Police investigators from three agencies, acting on information developed by the FBI, served a search warrant Monday at the rental home of an 11-year-old boy who has been missing for five months in central Washington.

The search warrant was based on allegations that Cody Haynes was beaten severely inside his father’s second-floor rental apartment on Main Street in Kittitas, Police Chief Steve Dunnagan said.

Details provided by one of the missing boy’s sisters, now in state custody, provided enough probable cause for investigators to get a judge to sign the search warrant, according to sources familiar with the investigation.

Investigators who entered the apartment on Valentine’s Day were looking for traces of blood, particularly in the kitchen. What they initially found, sources said, was that the kitchen flooring had been replaced without the knowledge or consent of the landlord.

The investigators got a second amended search warrant allowing them to seize a computer found in the apartment.

Dunnagan confirmed investigators had made “a significant discovery inside the apartment,” but he wouldn’t discuss particulars.

No trace of the boy has been found. Investigators fear he is a homicide victim.

“We don’t know that for sure, yet,” Dunnagan said, “but we still haven’t found him.”

No arrests have been made.

The chief said he was “certainly hopeful” the first search warrant served in the 5-month-old case would produce a break. “We are hoping there will be more developments,” he said when reached during the search.
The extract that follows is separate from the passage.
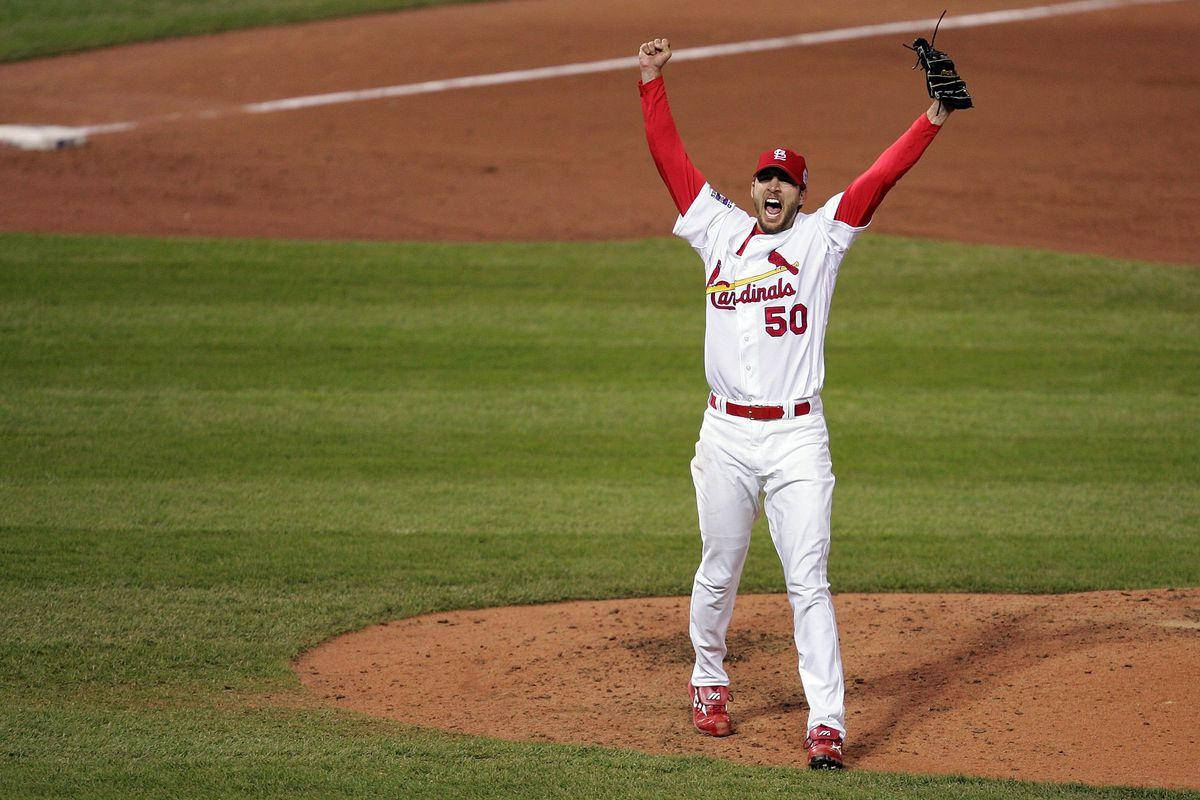 Adam Wainwright Arms In The Air Background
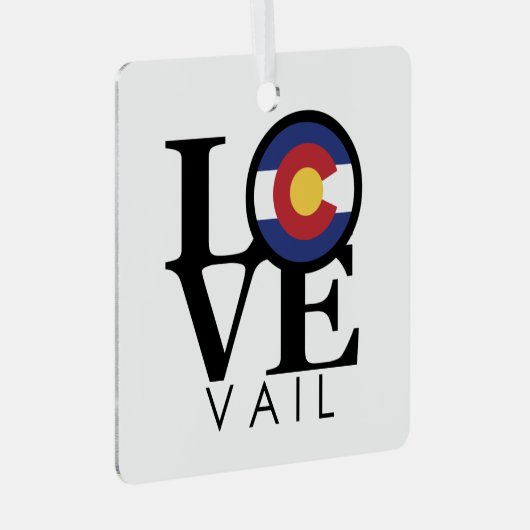 LIEBE Vail Ornament Aus Metall (Vorderseite Rechts)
The Kittitas Police Department, the Kittitas County Sheriff’s Office and the Washington State Patrol’s crime scene response team from Spokane were involved in the search.

The FBI entered the investigation late last year, assigning the case to an agent who specializes in missing and exploited children. It wasn’t immediately known if FBI agents were involved in the search.

The FBI agent, in a series of interviews, developed a rapport with the young girls taken from the home and placed in foster homes, the sources said. The girls, apparently fearing possible parental retribution, initially said nothing had happened to their brother on the day he vanished from the family’s home.

But last week, the oldest girl told the agent her brother had been severely beaten in the home shortly before he disappeared. That gave investigators enough legal standing to obtain the search warrant.

The boy was reported missing Sept. 12 – more than 18 hours after he had disappeared from the apartment where he lived with his father, Richard “Rick” Haynes, an Ellensburg tow-truck driver, and Haynes’ girlfriend, Marla Harding, who once worked as a state Child Protective Services worker. They told police Cody had run away, pointing police to his backpack found outside the home.

Harding was asked to leave the apartment at 109 N. Main when police showed up at 9:45 a.m. Monday. Haynes was contacted simultaneously at D&M Motors in Ellensburg, where other detectives used the warrant to impound his Chevrolet Suburban.

Haynes and Harding have not been charged in the boy’s disappearance.

The couple was married about six weeks ago in Yakima, not long after they had sold the family’s van. Rick Haynes used the van at 2:30 a.m. on Sept. 12 to go on what he told police was a 250-mile journey throughout Eastern Washington looking for car parts for his 1954 Kaiser.

He initially told Kittitas police he had sent his son to his room as discipline after the boy had refused to do the dinner dishes and put away the leftovers.

“We have new information that leads us to believe Cody was subjected to physical punishment, discipline, the night before he allegedly ran away from home,” Dunnagan said.

“This new information is in direct conflict with information we’ve previously been given by the couple,” the police chief said.

The van was located about two weeks ago and will be searched along with a camper trailer and the Chevrolet Suburban, Dunnagan said.

Haynes and Harding, who home-schooled their children, initially drew attention when they didn’t participate in a communitywide foot search for the boy a few days after he had disappeared. Later, they invoked their right not to speak with investigators.

The family taped a note addressed to Cody on their back door at the top of rickety stairs leading to the family’s second-floor apartment.

Four girls who lived in the home were taken from Haynes and Harding by Child Protective Services workers shortly after the boy had disappeared.

The couple fought the removal of the girls, but they have been placed temporarily in foster homes by a judge. The girls, initially interviewed by the Kittitas police chief and sheriff’s detectives, were interviewed again after the FBI entered the investigation late last year after the case generated national media attention.